Data for this task Block Start

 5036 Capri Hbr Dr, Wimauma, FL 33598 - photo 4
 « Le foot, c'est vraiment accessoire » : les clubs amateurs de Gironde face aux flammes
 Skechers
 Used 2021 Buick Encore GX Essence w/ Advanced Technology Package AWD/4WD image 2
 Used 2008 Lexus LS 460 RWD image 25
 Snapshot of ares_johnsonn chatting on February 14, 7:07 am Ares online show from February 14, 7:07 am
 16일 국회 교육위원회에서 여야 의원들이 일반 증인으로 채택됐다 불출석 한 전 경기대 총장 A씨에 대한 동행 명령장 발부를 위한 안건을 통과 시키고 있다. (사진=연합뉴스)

Data for this task Block End
Data for this task Block Start

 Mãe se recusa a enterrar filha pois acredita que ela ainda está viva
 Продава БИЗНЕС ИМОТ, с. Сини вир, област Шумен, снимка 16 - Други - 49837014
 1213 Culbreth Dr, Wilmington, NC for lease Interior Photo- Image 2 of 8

Data for this task Block End

**Problem details:** Wherever the word "Used" occurs in the data, copy that whole line.

**Reply to the exercise:**
 Used 2021 Buick Encore GX Essence w/ Advanced Technology Package AWD/4WD image 2
 Used 2008 Lexus LS 460 RWD image 25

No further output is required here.